庶民が気軽に利用できるようになり、全盛期を迎えるのが江戸時代。庶民が暮らす長屋にはもちろんのこと、商人の家でも風呂などなく、人々は当たり前のように銭湯に行く。
水の確保が難しかったという点もあるが、「火事と喧嘩は江戸の花」といわれる江戸において、薪に火をつけ湯を沸かす行為に対する危険性もあったというのが、風呂を持たない理由のようである。 
国立国会図書館所蔵の「肌競花の勝婦図」によれば、堂々と女湯で仕事をしている三助が描かれている。

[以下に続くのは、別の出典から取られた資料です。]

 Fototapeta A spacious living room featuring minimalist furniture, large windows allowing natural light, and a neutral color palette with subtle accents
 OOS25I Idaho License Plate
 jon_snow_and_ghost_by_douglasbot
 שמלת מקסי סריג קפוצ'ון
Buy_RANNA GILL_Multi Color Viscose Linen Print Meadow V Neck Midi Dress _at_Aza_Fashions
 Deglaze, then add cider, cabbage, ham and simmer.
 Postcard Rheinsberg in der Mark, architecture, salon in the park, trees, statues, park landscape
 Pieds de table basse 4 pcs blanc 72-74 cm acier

江戸っ子は銭湯が大好きだったといわれているが、1日に4回も5回も湯に入る人もいたそうで、木製の定期券を持ち、それを所持してせっせと通っていたのだそうだ。江戸風俗研究家の故杉浦日向子さんによると、「江戸のお湯はものすごく熱かった。そういう熱いお湯に日に何度も入るので、江戸っ子は肌が薄くなって、テラテラに光を帯びて、脂気が抜けて、独特の肌合いをしていた」(『杉浦日向子の江戸塾』PHP文庫)とのこと。「三助」に頼んで背中を流してもらっていたのでは? と。

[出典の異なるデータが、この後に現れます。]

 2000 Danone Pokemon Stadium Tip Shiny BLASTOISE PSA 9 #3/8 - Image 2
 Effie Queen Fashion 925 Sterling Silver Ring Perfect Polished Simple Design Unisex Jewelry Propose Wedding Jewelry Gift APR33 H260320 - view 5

江戸後期の銭湯は、2階がサロンのようになっており、そこで碁をさしたり、お茶を飲んだりおしゃべりに花を咲かせたりといった楽しみがあった。この頃銭湯は、湯につかるだけではなく、人々の交流の場で文化的な場所でもあったという。


復活の兆し
銭湯のオーナーは関東、関西に関わらず石川県出身者が多いということは既に触れた。
銭湯が加速度的に減少している中で、三助が復活の兆にあるという。めでたし、めでたしというところか。